News from a wargamer with a special interest in the military history of the Balkans. It mainly covers my current reading and wargaming projects. For more detail you can visit the web sites I edit - Balkan Military History and Glasgow & District Wargaming Society. Or follow me on Twitter @Balkan_Dave
or on Mastodon @balkandave@mastodon.scot, or Threads @davewatson1683

Tuesday 29 March 2016

The Dardanelles and Salonika 1916

2015 was the centenary of the Gallipoli campaign, although the final evacuation took place in 1916 and the naval campaign went on until the end of the war.

The naval campaign is covered well in my Easter reading of Dan Van Der Vat’s ‘The Dardanelles Disaster’, which looks not only at the naval actions, but also the political and land actions as well. I read his story of the Goeben’s escape to Turkey in ‘The Ship that Changed the World’, some years ago, and very good it is. His essential thesis is that by embroiling Turkey into World War 1, the war went on for two years longer than it might otherwise have done.

Moving on to this year’s WW1 Balkan centenaries, we have the allied advance out of Salonika leading to the British led campaigns at Dorian and in the Struma Valley. The Struma Valley campaign provides some good scenarios for WW1 games that are manageable. As wargamers we are spared the attention of mosquitos, which were the abiding memory of British troops who served there according to memoirs.

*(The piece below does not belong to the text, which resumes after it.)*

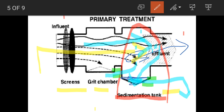Different types of sedimentation tanks are used. They are classified on the basis of shape, on the basis of flow of sewage, on the basis of purpose, and on the basis of operation.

The British army newspaper was even called ‘The Mosquito’.

The French and Serbs, with some Italian and Russian support, successfully advanced into what was then Serbia by capturing Monastir. These offensives had the effect of forcing the Germans to shift troops from the Western Front, while Verdun was raging, to bolster the Bulgarian army. 

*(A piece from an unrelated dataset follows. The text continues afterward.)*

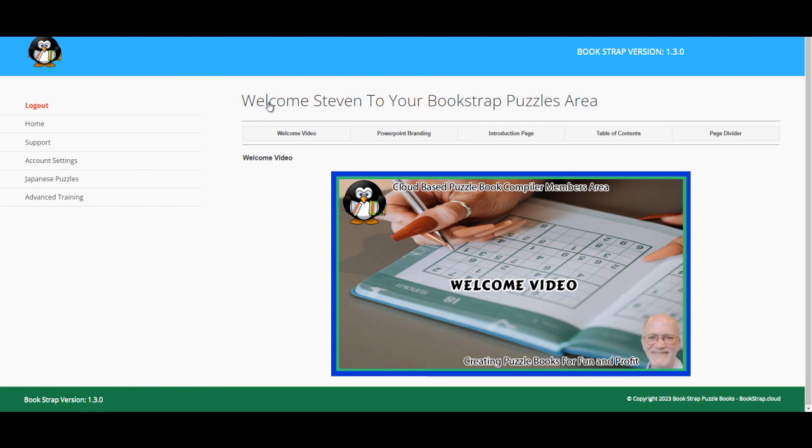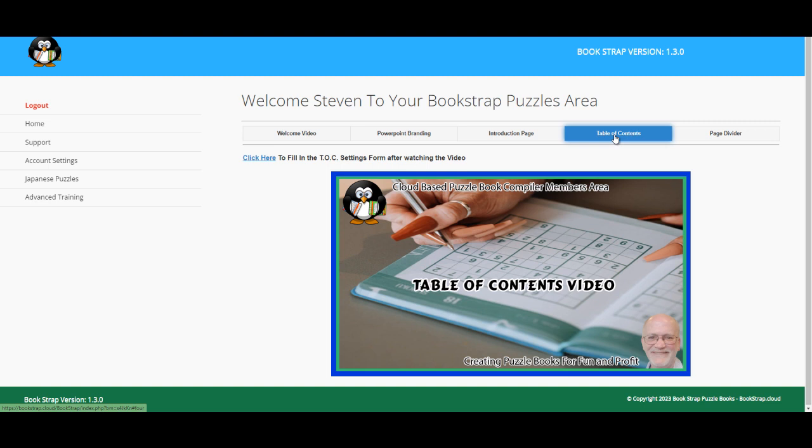Let's log into my members area. We're on the home page so we need to click on table of contents.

I have covered these campaigns in a feature article at Balkan Military History. It will also be the basis of the GDWS display game at the Carronade wargames show in Falkirk on 7 May. Lots of 28mm figures in a pretty open WW1 game, at least by 1916 standards.

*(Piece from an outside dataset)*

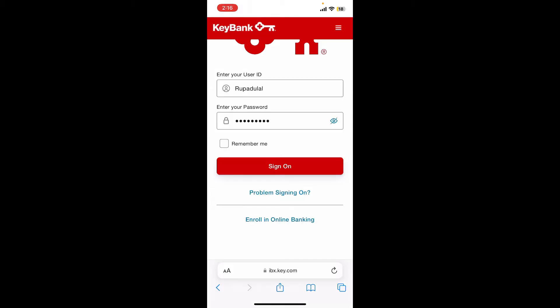If you don't remember your user ID or your password, you can tap on the Problem Signing On link beneath the Sign On button and follow through the reset process for your password or to look up your user ID. After filling in both pieces of information in the text boxes, tap on the Sign On button and you'll be able to log into your KeyBank online banking account.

I will be covering some of the physical ground this summer on a trip to Macedonia. So expect plenty of photos of what’s there to be seen, although I will also cover the WW2 campaigns over similar ground and a bit of ancients as well.

Monday 28 March 2016

Napoleon's Irish Legion

The latest reinforcements for the French in my 28mm Peninsular War project, comes in the form of Napoleon’s Irish Legion. A bit exotic, but French line units are just too boring.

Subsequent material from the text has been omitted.